U.S. Stocks Tumble, Snapping Five-Month Win Streak
New York (July 31) U.S. stocks ended July with a more than 300-point selloff for the Dow Jones Industrial Average, a swoon that snapped a five-month winning streak for the broader market.
Traders said there was no single catalyst for the stumble, though selling started early.
Investors said an upbeat reading from the labor market sowed concerns about the Federal Reserve possibly raising rates quicker than many investors anticipate. Some pointed to disappointing earnings reports from U.S. companies Thursday, which disrupted what has been a strong season for corporate profits. Others pointed to Argentina's default on some bonds and fresh worries that the euro zone's central bank will need to provide more stimulus.
The Dow Jones Industrial Average fell 317.06 points, or 1.9%, to 16563.30. The S&P 500 shed 39.40 points, or 2%, to 1930.67 and the Nasdaq Composite Index dropped 93.13 points, or 2.1%, to 4369.77.
"There are so many things that are coming to a head simultaneously," said Joe Spinelli, head of Americas single stock trading at Deutsche Bank. DBK.XE -2.56% "Clients are wanting to get into a position to ride out any storm that might pop up."
Trading in individual stocks was heavier than in recent days, but not yet at levels that resembled panic selling, traders said. Wall Street trading desks said they saw a steady flow into index-tracking exchange-traded funds as investors looked to hedge existing positions and shifted to more defensive postures.
"People are taking profits and they are a little nervous," said Ian Winer, director of equity trading at Wedbush Securities.

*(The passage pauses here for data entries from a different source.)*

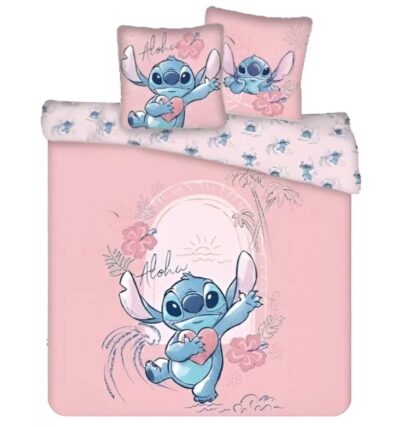 Disney Lilo and Stitch posteljina 240×220 cm, 65×65 cm 73416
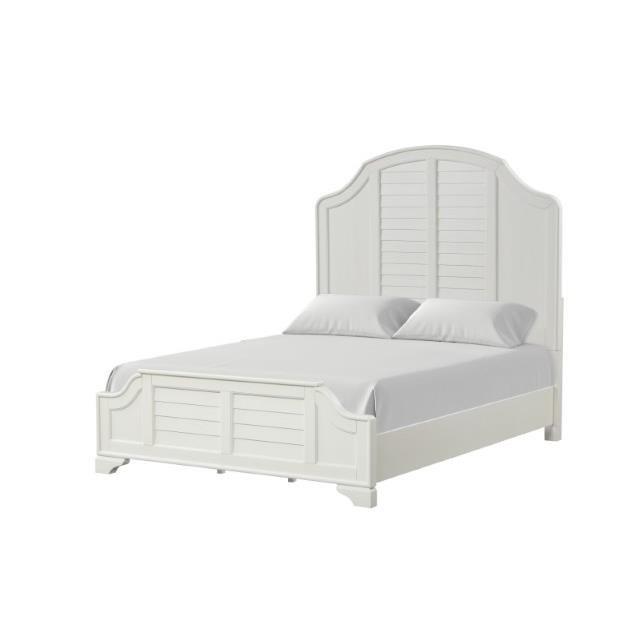 Large Picture of Furniture of America Whitehaven FM7708WH-EK-BED King Bed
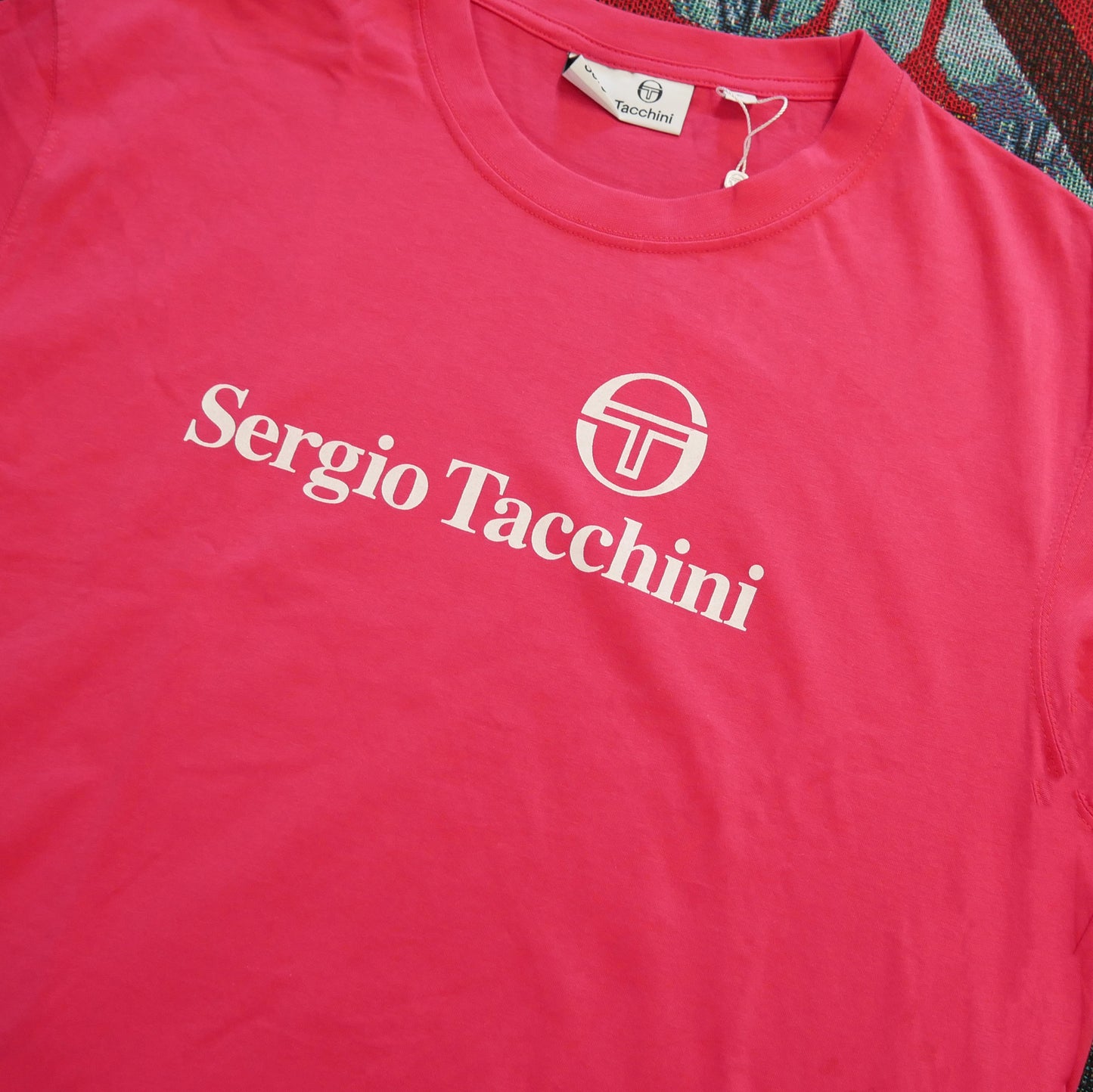 Sergio Tacchini Heritage Tee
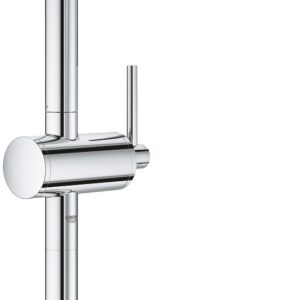 Baterie lavoar Grohe Atrio XL pentru lavoare tip bol ventil click-clack crom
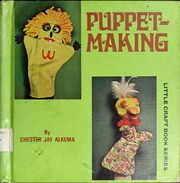 Puppet-making.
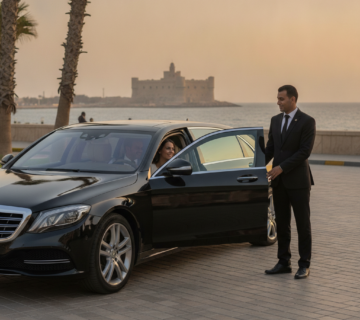 رحلات بلا قلق بين محافظات مصر: ليموزين تضمن لك طمأنينة الوصول | Super Limousine Egypt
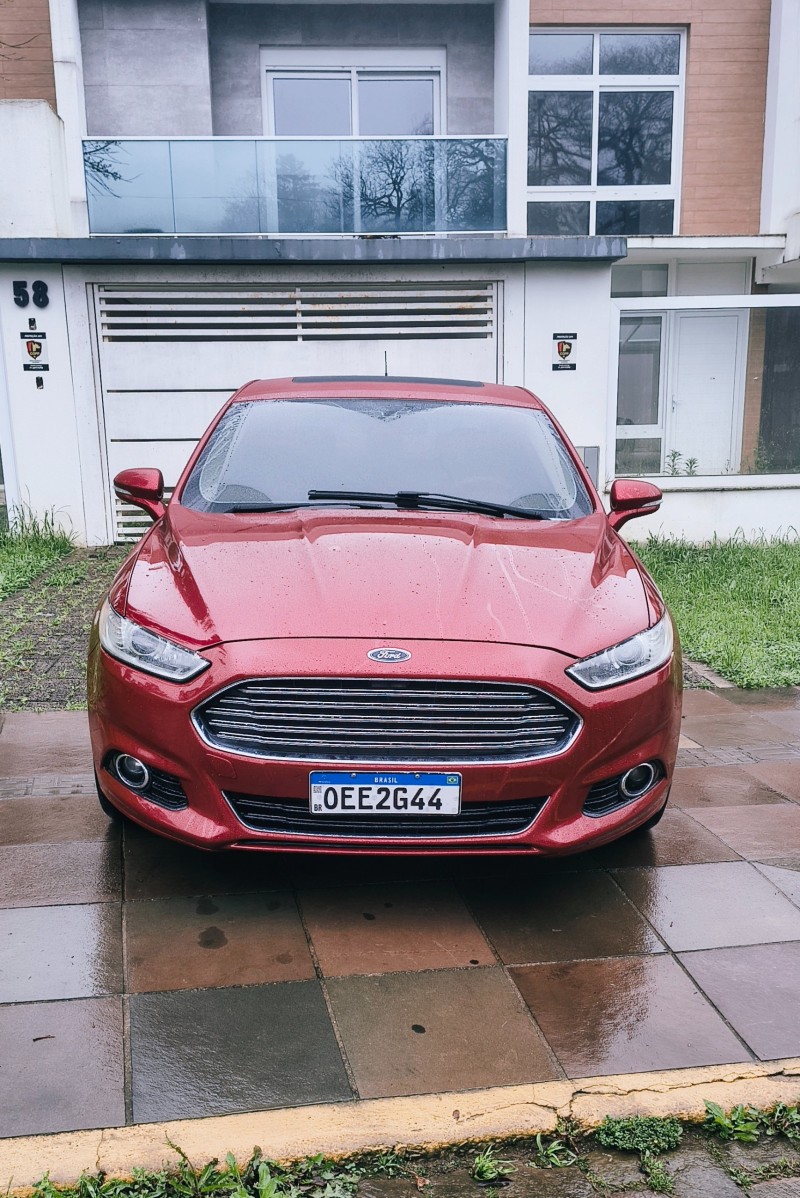 FUSION 2.0 TITANIUM FWD 16V GASOLINA 4P AUTOMÁTICO - 2014 - FARROUPILHA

Nico Marais, head of multi-asset investments and portfolio solutions at Schroder Investment Management, said that he has been trimming some stock positions and raising cash in recent weeks because he has been losing conviction in the endurance of the rally.
"We've been through a period of relative calm in the markets and not seen a selloff for some time," he said. "There's a sense of complacency. This is not the time to be adventurous in the markets."

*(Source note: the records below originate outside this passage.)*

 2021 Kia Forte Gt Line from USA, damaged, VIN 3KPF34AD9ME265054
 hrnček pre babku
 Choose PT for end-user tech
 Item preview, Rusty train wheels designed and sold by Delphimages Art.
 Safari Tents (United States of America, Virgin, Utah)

Weeks of selling of European stocks finally spilled over to the U.S. on Thursday. The Stoxx Europe 600 fell 1.7% in July, and Germany's DAX dropped 4.3%, its biggest monthly loss since May 2012. Financial trouble at Portugal's Banco Espírito Santo BES.LB -42.07% and ramped-up sanctions against Russia clashed with economic signals that suggest the European Central Bank must do more to support growth in the euro zone.

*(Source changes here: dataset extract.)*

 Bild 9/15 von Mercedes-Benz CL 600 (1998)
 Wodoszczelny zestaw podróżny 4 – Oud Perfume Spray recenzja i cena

"Europe has been in sell mode," said Jeff Yu, head of single-stock derivatives trading at UBS. "It finally broke through today, but it's been building the last two or three weeks."
In the U.S., declines were broad, with energy stocks leading all 10 of the S&P 500's industry groups lower. Each of the Dow's 30 stocks lost ground.
Some investors pointed to lofty stock valuations.
"Valuations are still attractive, but not as drop-dead gorgeous as they were a year ago," said Milton Ezrati, senior economist and market strategist at Lord, Abbett & Co., an investment manager that oversees about $104 billion. "It's harder to be aggressive when the market is no longer screaming cheap."
Earnings season has been generally positive, but a series of lackluster reports weighed on the market Thursday.